Input data:
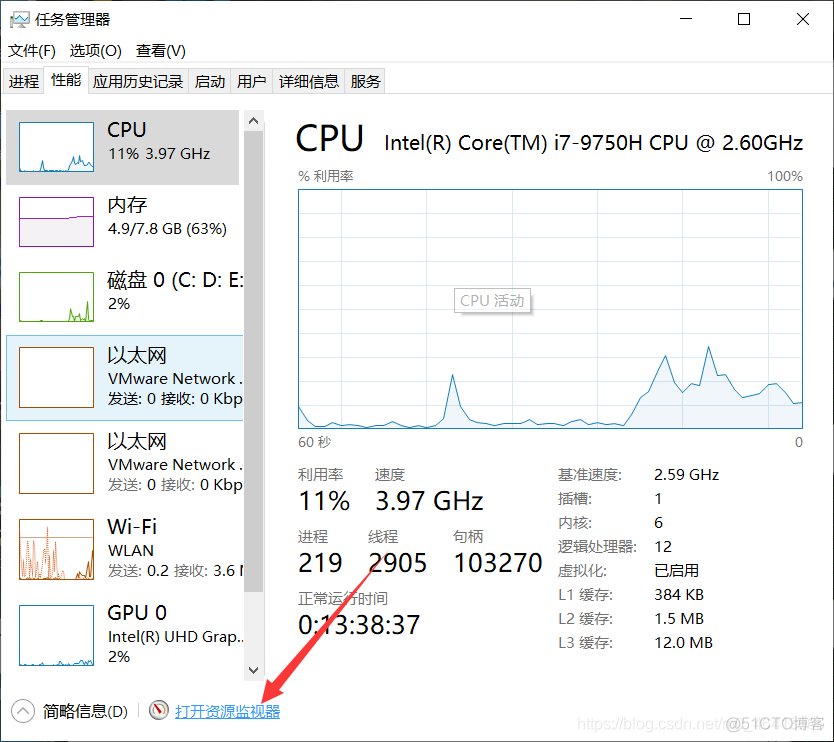 修改hadoopip地址 hadoop配置ip地址_mapreduce_02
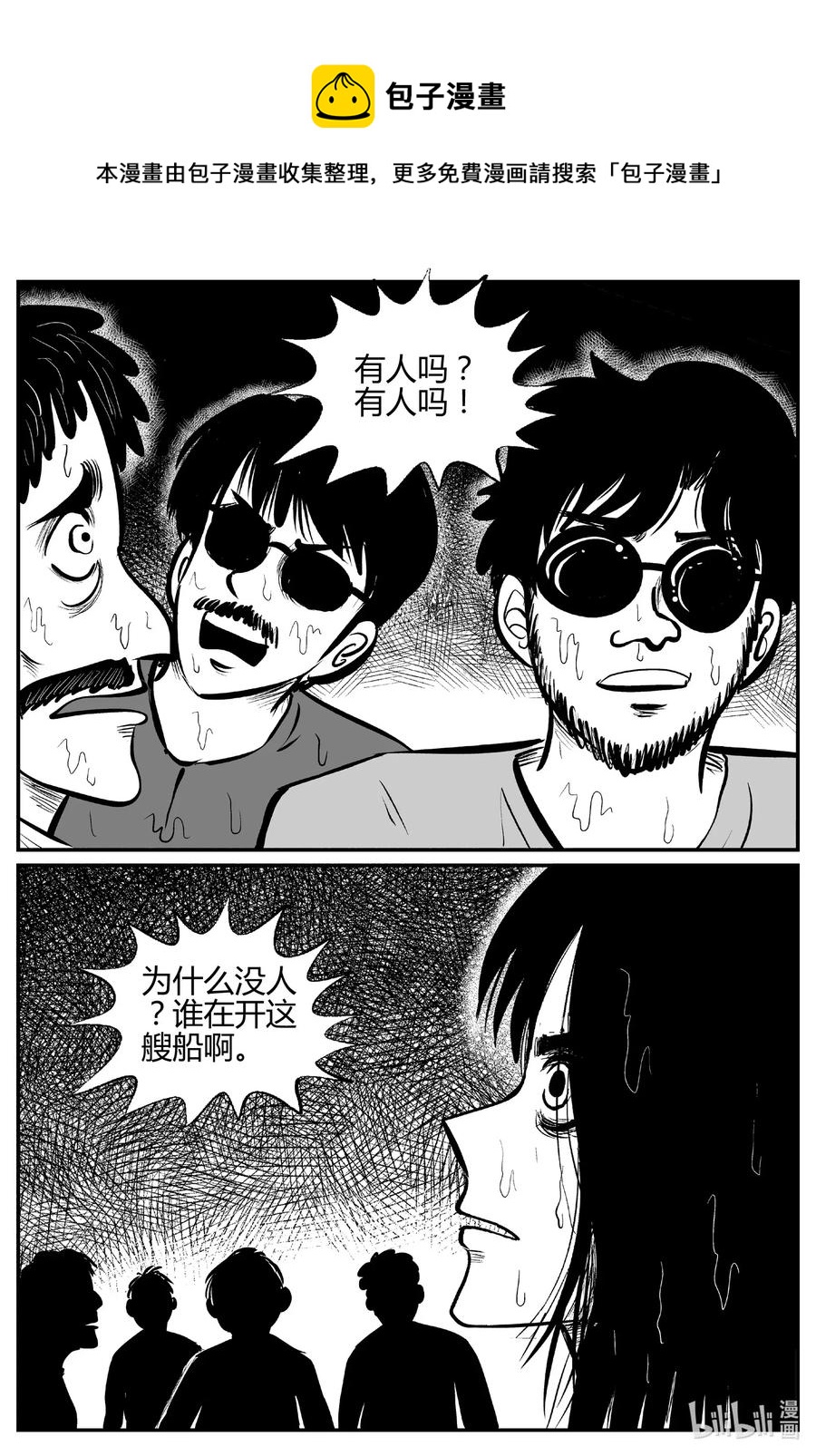 520 幽灵船16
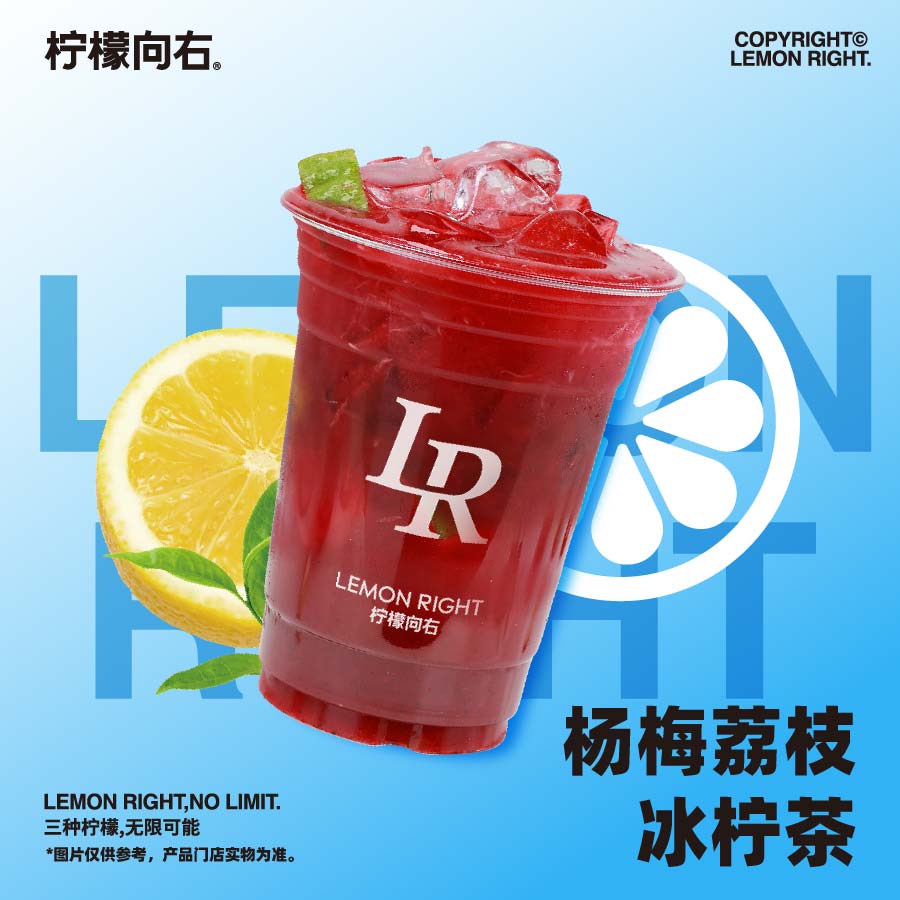 楊梅荔枝冰檸茶
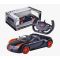 ������� �� ��������������� Rastar 70400B Bugatti Veyron 16.4 Grand Sport Vitesse (1:14, 32��). ����� �� �����������. ���� ���. ������ � �����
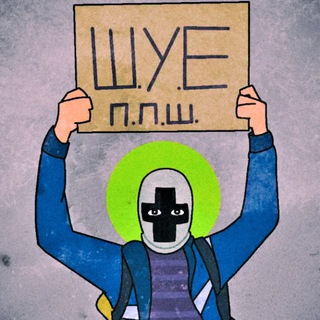 Telegram profile photo for ⚡️ППШ news⚡️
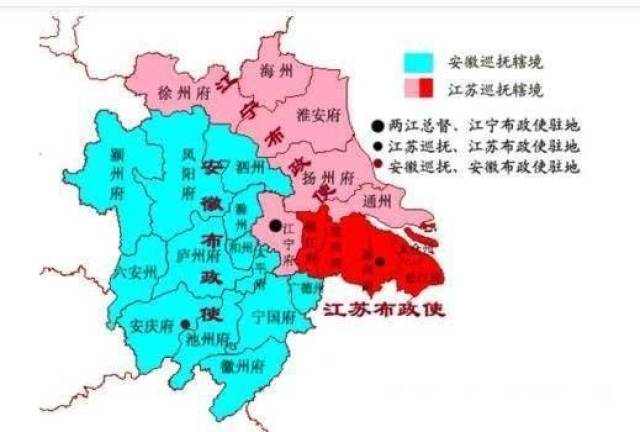 清朝拆分江南省为江苏,安徽,为什么没有设置淮海省?_手机搜狐网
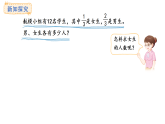 人教版數(shù)學(xué)三年級(jí)上冊(cè)6.6 分?jǐn)?shù)的簡(jiǎn)單應(yīng)用（課件）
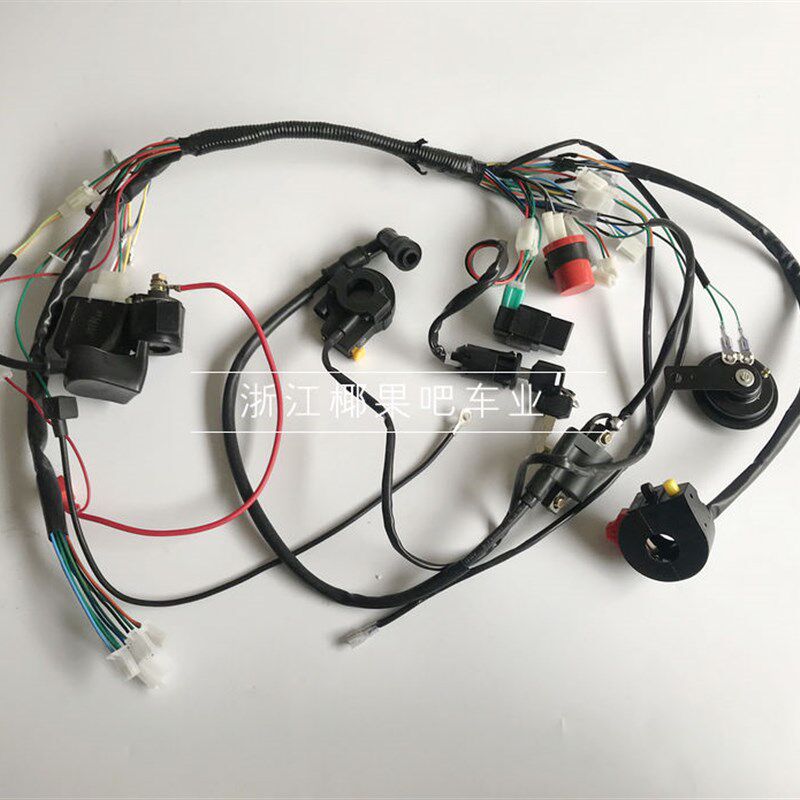 四轮摩托车配f件 110-125CC小牛小悍马沙滩车线束总成开关电器件
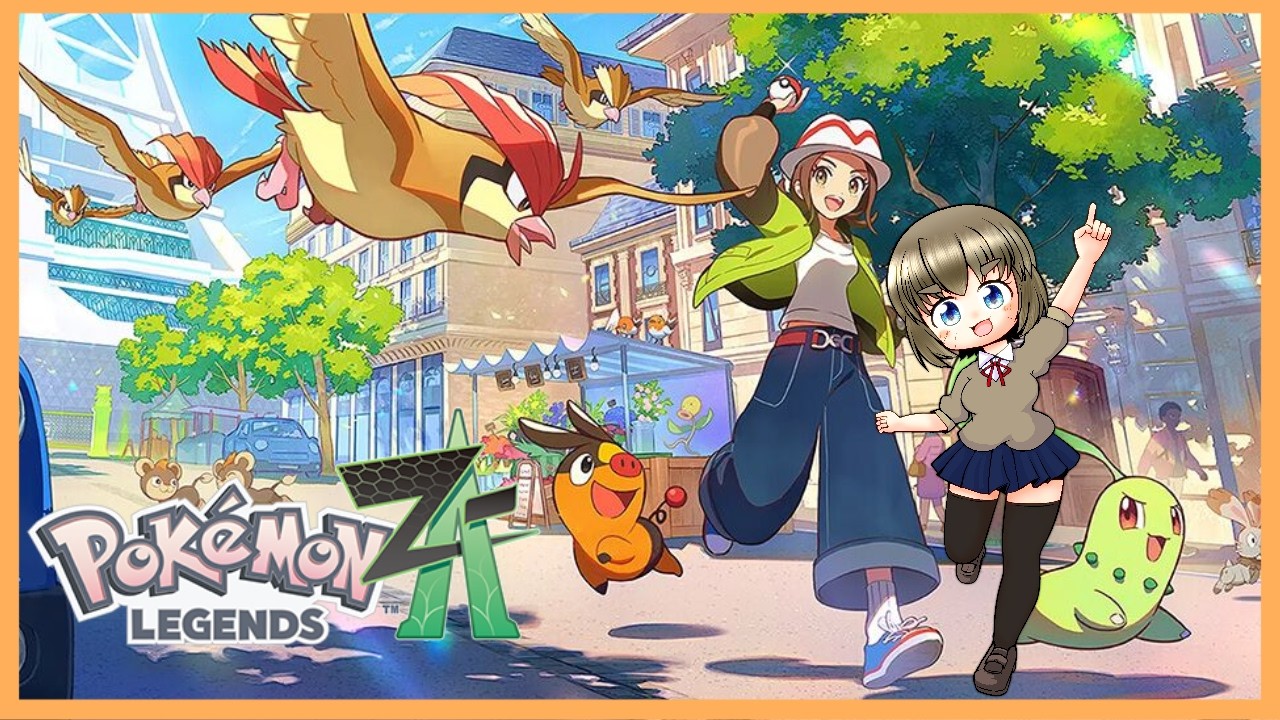 ポケモンZA 】これ以上ネタバレ踏みたくない！のでやります【Vtuber か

Your objective: Beginning with the line that includes "四轮摩托车配f件 110-125CC小牛小悍马沙滩车线束总成开关电器件" and ending with the last line of the material, reproduce those lines exactly and nothing else, with no pictures.

Response below:
 四轮摩托车配f件 110-125CC小牛小悍马沙滩车线束总成开关电器件
 ポケモンZA 】これ以上ネタバレ踏みたくない！のでやります【Vtuber か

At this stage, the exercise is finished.